Terry glanced up at me and returned to his crossword.

“Is that all?” Lilly asked.

“No. That’s the least of it. There’s a drug cartel in Mexico called Nuestra Familia. Cesar Mendez runs a gang in Northeast by the same name. It’s basically a subsidiary of the Mexican cartel. Their main business is drugs, and they’ve got a lot of competition with other cartels in Mexico. Lately, the competition has gotten pretty rough. The cartels are practically at war with each other and the Mexican government. They need guns, and Mendez is part of a network to smuggle guns to Mexico.”

Terry put his pen down. Lilly clutched her robe around her throat.

“Go on,” she said. “Finish it.”

“Mendez shopped at Nick’s grocery. He got to know Brett, probably sold him drugs and probably talked about how he was in the market for guns. Brett must have told his father, who figured out a way to cash in. He and Brett and Frank Crenshaw and Jimmy Martin robbed five gun dealers in the last three months. They had a deal to sell the guns to Mendez, only the deal fell through and now Nick and Frank are dead and so is a kid named Eberto Garza. Jimmy Martin is in jail too scared to talk, and Brett is on the run.”

“I’ve known these people all my life,” Lilly said. “That’s not who they are.”

“It may not be who they were, but it’s who they’ve become,” I said. “They were going broke, losing everything they ever worked for or hoped for. I guess they didn’t see another way out. So they took a chance, and things got out of control.”

She sighed. “I still don’t believe it, but I suppose it’s possible.
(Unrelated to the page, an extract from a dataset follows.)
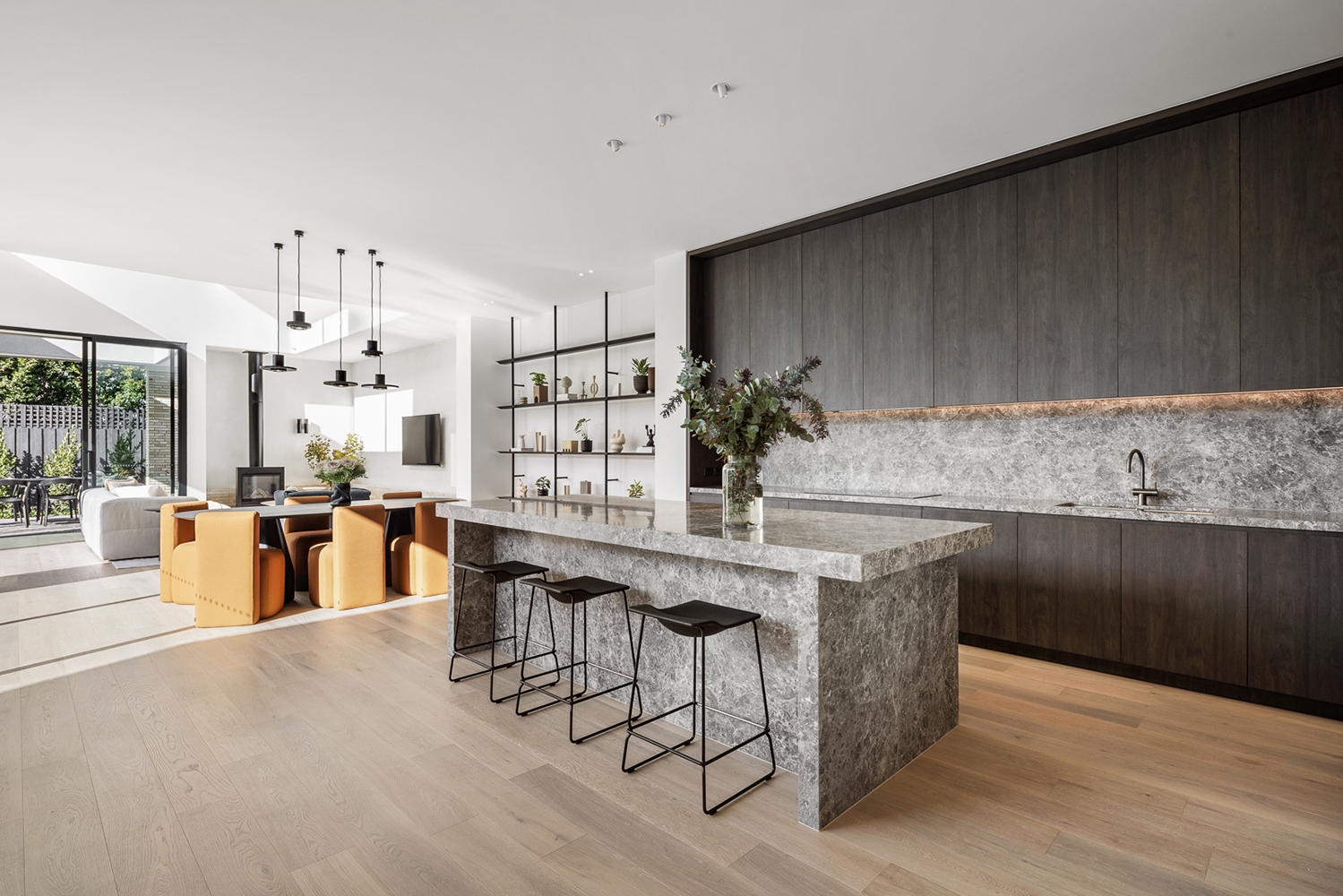 Modern Furniture in Melbourne Private Residence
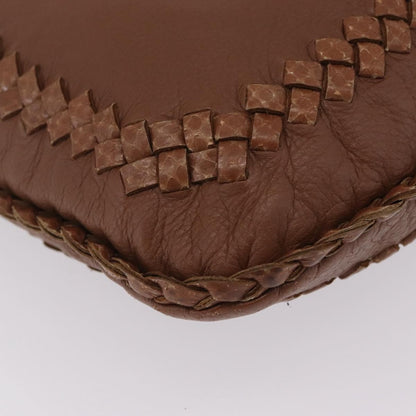 Bottega Veneta Veneta Hobo Intrecciato Nappa, Brown, Leather, Shoulder Bag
What went wrong?”

“They backed out on the deal with Mendez. Could be they wanted more money or they found another buyer. Either way, they made the wrong people mad.”

“What does my granddaughter have to do with any of this? Why are you looking for her?”

“I think she knows where Brett is hiding. I think she’s trying to protect him. It will be better if I find her before the police do.”

“And you know where she is?”

“I’ve got a good idea. Nick Staley had a couple of rental properties.”

“In Forgotten Homes,” Lilly said. “I handled the sales. He put them in a company I think he called Forgotten Homes LLC.”